As a trader he moved from place to place and the date of his settlement at Chicago and the regularity of his stay here are alike uncertain. De Peyster says that he was here in 1779, and also darkly hints at some punishment meted out to him by Langlade, the reputed "father of Wisconsin."[320] In the summer of that year, however, we find him established with a house on the River Chemin, later known as Trail Creek, probably on the site of Michigan City, Indiana. Here he was arrested by Lieutenant Bennett, who had been sent by De Peyster toward Vincennes to forestall an anticipated attack on Mackinac by George Rogers Clark.[321] Du Sable's offense seems to have consisted only in his attachment to the American cause, and even his captor speaks highly of him. Curiously enough, he was in the employ of a British trader, Durand, at Mackinac, who this same summer had undertaken to guide a British war party to the Illinois country to co-operate with Bennett. The goods which Bennett seized from Du Sable belonged to Durand, Who proceeded to file a claim with his government for their value. Because of this circumstance there is preserved an itemized inventory of Du Sable's stock in trade.[322] Perhaps the most interesting entry, aside from the quaint designation of Du Sable as a "naigre Libre," is the rum, ten barrels of twenty gallons each, with a value nearly twice as great as all of the remainder of the stock.

[320] Wisconsin Historical Collections, XVIII, 384; see also in this connection ibid., 399, note 98.

[321] Wisconsin Historical Collections, XVIII, 399.

[322] Michigan Pioneer Collections, X, 366.

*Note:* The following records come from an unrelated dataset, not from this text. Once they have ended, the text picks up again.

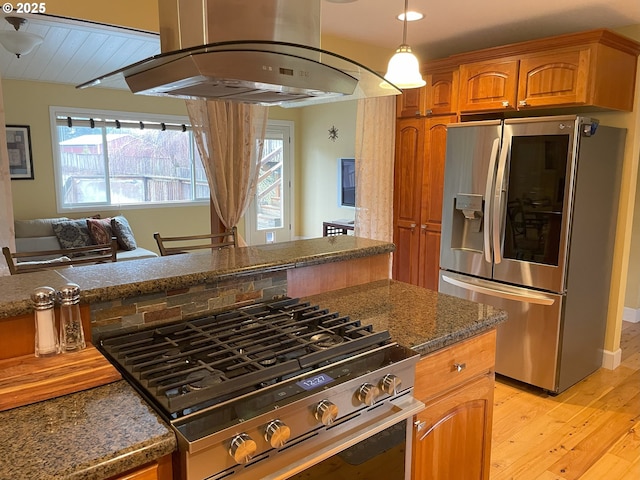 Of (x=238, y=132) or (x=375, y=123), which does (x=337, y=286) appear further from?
(x=375, y=123)

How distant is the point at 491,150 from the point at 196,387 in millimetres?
2620

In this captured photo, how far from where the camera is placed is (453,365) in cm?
160

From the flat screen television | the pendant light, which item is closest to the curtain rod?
the flat screen television

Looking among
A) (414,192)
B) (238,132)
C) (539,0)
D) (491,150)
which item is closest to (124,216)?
(238,132)

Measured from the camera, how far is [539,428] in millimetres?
2686

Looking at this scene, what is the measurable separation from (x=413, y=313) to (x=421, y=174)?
235 centimetres

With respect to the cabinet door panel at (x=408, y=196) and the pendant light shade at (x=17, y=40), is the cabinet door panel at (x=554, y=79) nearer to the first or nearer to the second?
the cabinet door panel at (x=408, y=196)

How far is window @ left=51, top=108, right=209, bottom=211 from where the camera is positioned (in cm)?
583

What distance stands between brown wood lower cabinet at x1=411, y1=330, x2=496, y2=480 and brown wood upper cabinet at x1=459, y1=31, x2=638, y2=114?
6.57 ft

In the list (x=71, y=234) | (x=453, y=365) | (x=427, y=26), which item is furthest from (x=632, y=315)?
(x=71, y=234)

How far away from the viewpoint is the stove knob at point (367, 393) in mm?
1261

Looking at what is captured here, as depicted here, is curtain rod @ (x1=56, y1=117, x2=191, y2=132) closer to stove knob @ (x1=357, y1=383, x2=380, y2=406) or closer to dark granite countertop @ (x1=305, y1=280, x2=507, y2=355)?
dark granite countertop @ (x1=305, y1=280, x2=507, y2=355)

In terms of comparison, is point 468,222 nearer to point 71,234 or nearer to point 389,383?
point 389,383

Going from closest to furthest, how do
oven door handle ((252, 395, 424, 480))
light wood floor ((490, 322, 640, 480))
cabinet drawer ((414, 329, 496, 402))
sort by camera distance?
1. oven door handle ((252, 395, 424, 480))
2. cabinet drawer ((414, 329, 496, 402))
3. light wood floor ((490, 322, 640, 480)) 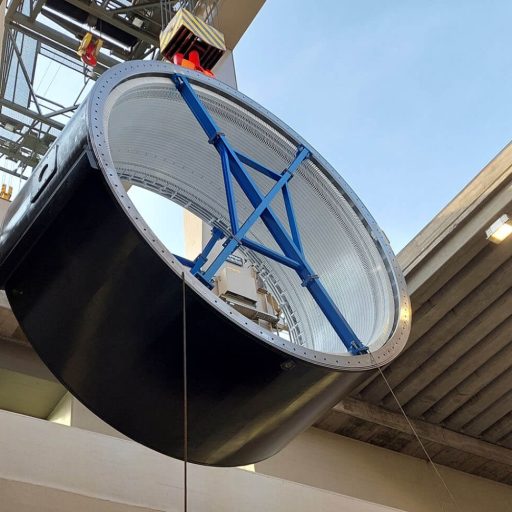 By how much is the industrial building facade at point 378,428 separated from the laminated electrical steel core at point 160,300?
57.2 inches

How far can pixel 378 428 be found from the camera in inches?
500

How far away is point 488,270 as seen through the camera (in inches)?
415

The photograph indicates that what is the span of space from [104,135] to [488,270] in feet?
22.2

Whatever his nativity may have been, Du Sable proved, at least to the satisfaction of a government commission, that he was a citizen of the United States. In pursuance of a series of congressional acts and resolutions providing for grants in the Illinois country to citizens of the United States who had made improvements or who were heads of families, Du Sable made proof that both before and after 1783 he had resided at Peoria, that he was the head of a family, and that he had improved a farm of thirty acres at Peoria as early as 1780.[323] The commission therefore reported that he was entitled to eight hundred acres of land. How long after 1783 he continued to reside at Peoria does not appear, but in 1790 we find him established at Chicago near the mouth of the river. Whether, as Mrs. Kinzie suggests, he went into politics and sought election as a chief of the Pottawatomies is dubious,[324] but when Heward passed through Chicago in the spring of 1790, he was entertained by Du Sable. The traveler exchanged some cotton cloth with him for a supply of food, and also borrowed his boat. Four years later he was still here, if Grignon's recollections are to be trusted. Alexander Robinson in his old age related that Du Sable, who had long lived at Chicago and was prominent among the Indians, came to Mackinac about the year 1796, accompanied by quite a band of Indians in several birch-bark canoes. The British greeted him on his arrival by the discharge of cannon.[325]